Una settimana fa, il sindaco Eric Adams e il commissario del Dipartimento dei trasporti Ydanis Rodriguez presentavano a Brooklyn una nuova campagna pubblicitaria da 4 milioni di dollari: Slow Down.
Il piano, lanciato il 2 maggio, mirava a spaventare gli automobilisti che guidavano lungo Pennsylvania Avenue e altre strade dall’alto tasso di incidenti, installando cartelloni con una persona scaraventata in aria dopo essere stata colpita da una macchina, accompagnata dall’avvertimento: “L’accelerazione rovina vite. Rallentare.”
Da lunedì scorso ad oggi, però, almeno una dozzina di newyorkesi hanno perso la vita per le strade della città: quasi due al giorno. Un tasso ben più alto dei livelli stimati nel 2021, anno record per le morti nel traffico.
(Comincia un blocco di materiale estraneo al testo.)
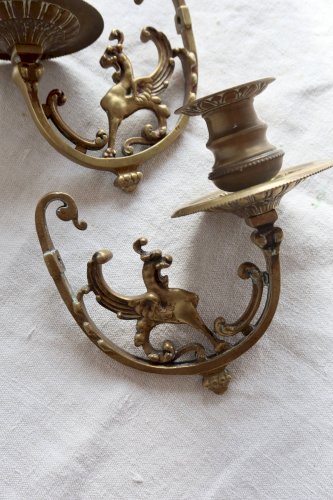 Paire de bougeoirs muraux en laiton – décor griffon – style ancien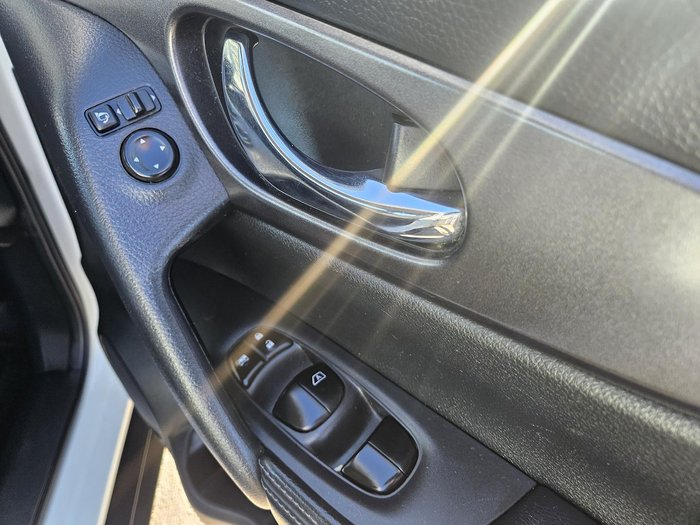 2016 Nissan X-TRAIL ST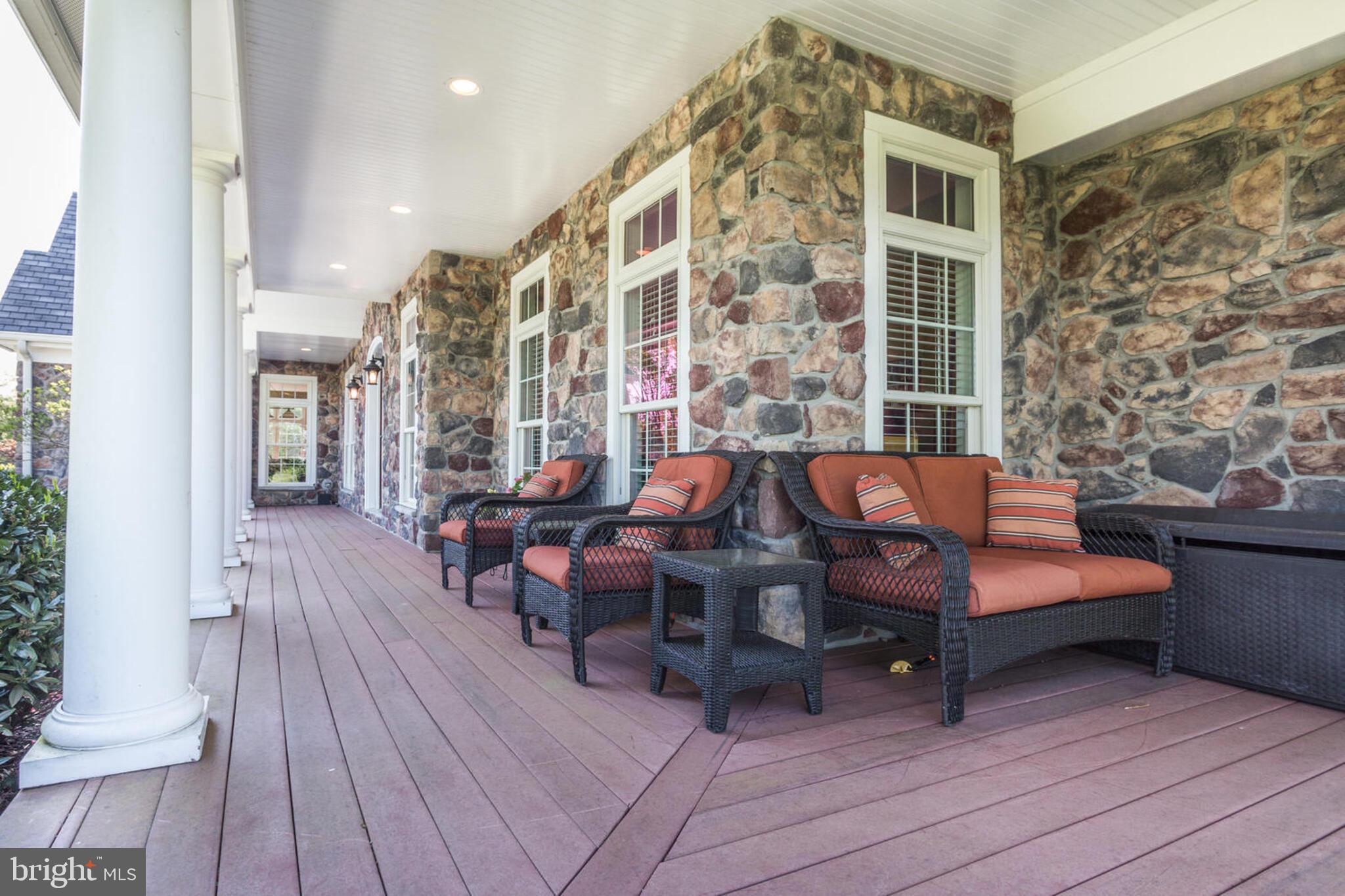 BOUNTYS VIEW - Residential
I decessi includono la sedicenne del Bronxite Alissa Kolenovic, investita mercoledì da un camionista, il ciclista 35enne Eric Salitsky, falciato da un camionista a Brooklyn il giorno successivo e il 72enne John Dellacava, ucciso sabato da un autista mentre cercava di attraversare un viale del Bronx con uno scooter elettrico.
Il progetto del sindaco di intimorire i conducenti attraverso la campagna pubblicitaria è dunque l’ennesimo tentativo fallito dei funzionari pubblici per arginare gli incidenti stradali.
Jessie Singer, giornalista e autrice di Brooklyn, ha recentemente pubblicato il libro “Non ci sono incidenti”, che descrive in dettaglio la storia degli incidenti negli Stati Uniti e di come le scelte sistemiche, politiche e di progettazione siano la chiave per comprenderli e ridurli.
“Lo sappiamo tutti – ha dichiarato Singer – strade diritte e larghe (come quelle di New York) sono progettate per accelerare e incoraggiare la velocità”.
Così non va. Adams e la sua amministrazione dovranno presto trovare una soluzione.